Internal Security Organisation

Agency overview
- Formed: 1986
- Jurisdiction: Government of Uganda
- Headquarters: Nakasero, Kampala, Uganda
- Agency executive: Major Arthur Mugyenyi, Director General;
- Parent agency: Uganda People's Defence Force

= Internal Security Organisation =

Uganda government's counter intelligence agency

The Internal Security Organisation (ISO) is the Uganda government's counter intelligence agency responsible for providing national security intelligence to Uganda's policy makers. It also engages in covert activities at the request of the President of Uganda. Founded in 1986, the organisation took over the duties first performed by Military Intelligence.

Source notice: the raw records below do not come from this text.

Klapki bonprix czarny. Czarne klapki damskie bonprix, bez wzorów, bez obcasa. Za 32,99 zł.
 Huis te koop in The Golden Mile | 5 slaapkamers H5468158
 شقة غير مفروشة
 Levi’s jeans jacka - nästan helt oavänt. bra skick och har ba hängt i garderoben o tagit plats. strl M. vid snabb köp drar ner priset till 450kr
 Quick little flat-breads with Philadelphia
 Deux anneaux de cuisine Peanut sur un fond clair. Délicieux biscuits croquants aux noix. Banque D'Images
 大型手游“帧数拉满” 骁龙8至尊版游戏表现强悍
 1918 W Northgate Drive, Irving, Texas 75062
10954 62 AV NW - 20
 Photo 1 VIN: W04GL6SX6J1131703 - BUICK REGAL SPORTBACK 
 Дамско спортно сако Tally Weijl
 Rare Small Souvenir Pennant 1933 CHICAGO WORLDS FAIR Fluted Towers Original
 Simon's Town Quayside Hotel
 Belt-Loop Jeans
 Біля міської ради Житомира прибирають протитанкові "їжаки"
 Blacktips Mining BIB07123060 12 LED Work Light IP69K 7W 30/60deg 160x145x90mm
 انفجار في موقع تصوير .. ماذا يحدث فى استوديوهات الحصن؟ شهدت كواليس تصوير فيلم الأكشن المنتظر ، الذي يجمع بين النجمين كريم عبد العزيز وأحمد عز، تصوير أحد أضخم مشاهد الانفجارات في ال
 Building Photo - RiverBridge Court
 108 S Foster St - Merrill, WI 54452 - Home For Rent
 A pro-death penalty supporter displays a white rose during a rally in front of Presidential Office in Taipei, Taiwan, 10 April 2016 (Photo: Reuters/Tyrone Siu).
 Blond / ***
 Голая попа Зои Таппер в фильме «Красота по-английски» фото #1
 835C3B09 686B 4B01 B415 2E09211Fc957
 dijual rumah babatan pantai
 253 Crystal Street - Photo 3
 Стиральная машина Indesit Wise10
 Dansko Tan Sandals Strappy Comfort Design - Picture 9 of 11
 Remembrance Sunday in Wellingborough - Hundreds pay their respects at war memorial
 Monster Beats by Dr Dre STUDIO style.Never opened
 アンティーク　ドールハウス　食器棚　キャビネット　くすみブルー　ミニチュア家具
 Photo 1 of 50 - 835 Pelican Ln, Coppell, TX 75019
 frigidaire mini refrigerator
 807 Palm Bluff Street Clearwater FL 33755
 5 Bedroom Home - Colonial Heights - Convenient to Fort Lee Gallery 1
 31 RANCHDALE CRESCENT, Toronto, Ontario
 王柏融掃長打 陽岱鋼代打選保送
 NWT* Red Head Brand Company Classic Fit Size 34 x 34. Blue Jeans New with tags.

Its headquarters are in Nakasero, Kampala.

==History and function==
ISO was established by an Act of Parliament, the Security Organisations Act 1987. Like all intelligence organisations, its main function is to ensure the stability and longevity of the state. It does this through monitoring priority government programmes that are critical to the well-being of the state, as well as collecting intelligence on locally based groups engaging in or intending to engage in acts of subversion, sabotage or destabilising the country.

==Director general==
The first director general was Major General Jim Katugugu Muhwezi. He led ISO from 1986 until 1996. He is the longest serving spy chief at the organization to date. He recruited and trained Dr Amos Mukumbi and Brigadier Ronnie Balya, each of whom was later to serve as director general. Under the Director General (DG), are a number of directors who report directly to the DG. Others who have served as director generals at ISO include: Philip Idro, Lieutenant General Henry Tumukunde, Brigadier Elly Kayanja, Dr Amos Mukumbi, Brigadier Ronnie Balya, and Colonel Kaka Bagyenda Charles Oluka . The current ISO Director General is Major Arthur Mugyenyi.

==Composition==
ISO is composed of professional intelligence officers recruited from all over Uganda and trained at its training institute, the Institute of Intelligence and Security Studies. Upon being passed out, the operatives are sworn to protect Ugandans and their property and are deployed all over the country. They include PISO's, GISO's, DISO's and RISO's.